THE BLOG

5 Ways Content Marketing and Local SEO Need to Mix

03/06/2015 05:11 am ET | Updated May 06, 2015

This is part of the Digital Marketing Insights series -- featuring tips, analysis and recommendations from marketing experts on how to become successful online. Co-authored by Chris Rowe, owner of Jet DM.

2015-03-06-1425636329-5207112-ContentMarketingandSEO.jpg

Search Engine Optimization, or SEO, refers to optimizing a website so that it ranks highly on search engine results' pages, making it easier for users to discover.
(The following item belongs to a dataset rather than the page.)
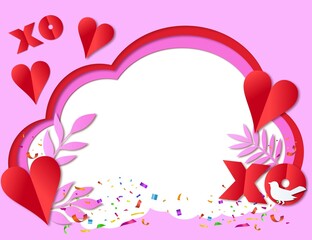 Valentine frame with hearts confetti and leaves xo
Local SEO , then, is the optimization process for local results -- if your business is in Salt Lake City, Utah, for example, then a focus on local SEO for Salt Lake means that anytime a user searches for your particular business type in Salt Lake City, your business's website is ranked as one of the topmost results on a search engine's page.

Content marketing, on the other hand, is essentially the process of creating valuable content that is designed to attract and engage the user, ultimately generating leads and sales.
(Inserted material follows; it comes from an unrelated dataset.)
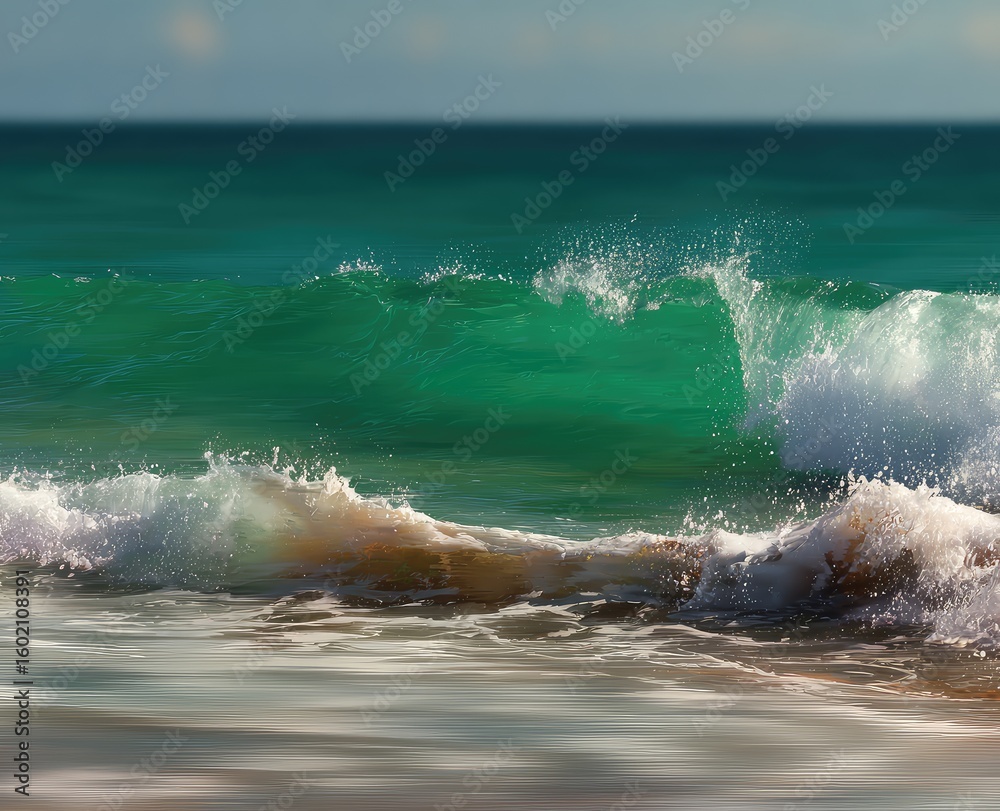 Fototapeta premium Turquoise waves crashing on a sandy shore (1)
While the two strategies are often talked about independently of one another, content marketing and a local SEO campaign often go hand-in-hand. Here are five ways to combine them for optimal results:

  1. Keep a Blog
  2. Keeping a blog is one of the most essential aspects of content marketing, and most businesses that have a strong online presence blog on a regular -- even daily -- basis. Search Engine Land even refers to the blog as the "secret weapon" for local SEO. However, while keeping a blog can be a great way to locally optimize a website for search engine purposes, and provide readers with great content, the effects of a blog can take awhile to come to fruition, and blogging requires a long-term commitment.

  • Social Media is a Must-do

  • If your business isn't already using social media as a way to reach out to your audience and attract new customers, then realize this: social media content can be key to building a brand and enhancing a local SEO effort. While you don't need to be posting on social media 10 times per day to be effective, sending out regular Tweets and status updates (and mentioning location within those) can help to grow a business and an online presence.

  • Images and Video

  • Content doesn't just refer to the written word; instead, content is everything that's written, posted, or displayed on or about a business website or business. As such, images and video are two of the most important types of content, but the two that most businesses forget about or tend to prioritize last. However, both images and video are known to attract a large audience, and when title tags and alt tags are optimized with great keywords and a local focus, both can improve search engine rankings.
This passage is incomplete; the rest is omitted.